> _What you should do_
The listing below needs to be copied in full, exactly.

> _Data shown_
____________

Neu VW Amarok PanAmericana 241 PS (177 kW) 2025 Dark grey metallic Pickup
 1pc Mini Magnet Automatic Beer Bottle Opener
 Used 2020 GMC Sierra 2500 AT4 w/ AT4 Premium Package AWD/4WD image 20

____________

> _Answer below_
Neu VW Amarok PanAmericana 241 PS (177 kW) 2025 Dark grey metallic Pickup
 1pc Mini Magnet Automatic Beer Bottle Opener
 Used 2020 GMC Sierra 2500 AT4 w/ AT4 Premium Package AWD/4WD image 20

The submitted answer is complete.